See, baby, one block, two blocks… barely has a baby learned a few words when we start teaching it numbers. Learning how to count is perhaps the first formal thing we learn, and yet, if we have to count out a sum of, say, 30,000 rupees in cash, we aren’t very efficient. We have to do it carefully and several times, and the moment the sums become substantial we’re better off with a machine. This is true not just of counting cash but of any algorithmic operation you can think of. (3256 times 8622, anyone?)

What then can we expect an education in mathematics to do for us? Of course we must master some algorithms. Efficient calculators or not, we need an understanding of arithmetic, fractions and percentages to be equipped for daily life and citizenship. Knowing how to divide a large number by another isn’t much good if you don’t know what you’re doing when you divide – on the other hand the theory of division isn’t very useful if you can’t find out – or estimate –  the answer to an actual division problem. So teaching kids the nuts and bolts of numerical operations will remain a staple of mathematical education.

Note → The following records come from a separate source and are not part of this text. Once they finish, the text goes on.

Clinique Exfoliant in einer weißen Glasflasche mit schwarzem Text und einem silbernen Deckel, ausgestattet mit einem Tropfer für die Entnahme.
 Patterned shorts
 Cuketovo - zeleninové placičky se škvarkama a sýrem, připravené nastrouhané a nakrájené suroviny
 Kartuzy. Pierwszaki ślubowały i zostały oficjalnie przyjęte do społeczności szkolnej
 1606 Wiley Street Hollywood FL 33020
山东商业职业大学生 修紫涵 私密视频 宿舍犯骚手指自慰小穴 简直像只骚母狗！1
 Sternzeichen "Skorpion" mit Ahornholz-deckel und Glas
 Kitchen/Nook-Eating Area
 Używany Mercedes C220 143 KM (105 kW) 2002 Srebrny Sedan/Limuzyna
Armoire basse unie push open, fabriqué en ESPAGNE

These nuts and bolts, however, don’t need fourteen years to master. There is plenty of time in school to move on to something closer to what mathematics is about today. Math classes in school feel nothing like what a mathematician actually does. How can this be true even of an “advanced” topic like calculus?  It’s not the name of the topic that makes it mathematics – it’s what you are asking of a student. If all you require is the rote application of a set of formulae and a whole lot of drilling towards the quick and correct disposal of questions in under 5 minutes, then it’s just not mathematics. Mathematics is built around the notion of proof: a chain of reasoning, an argument that you have understood and then communicated, that shows why something must be true. Proofs are arrived at after digesting a problem, playing around with it, perhaps for a long time, and making many false starts. After a while a penny drops, and in a moment that feels rather like magic, you see why something simply *must* be true. Then you are in a position to construct a logical argument that convinces others and also confirms to you the correctness of your own idea.

Mathematics calls for patience, persistence, logical argumentation, acceptance of false starts and the seeking out of background knowledge. These are the very skills you need to be a good problem solver in any field. Instead of providing computational tools for students headed to technical fields, getting students to reason and problem-solve for themselves would be useful no matter what they choose to do. This isn’t simply the idiosyncratic opinion of a few – the most recent National Curriculum Framework, published by the NCERT in 2005, put forth precisely this vision. Yet eleven years on, its impact has been limited.  A full implementation of this shift in the next decade would change not just the practice but the very goals of mathematics education.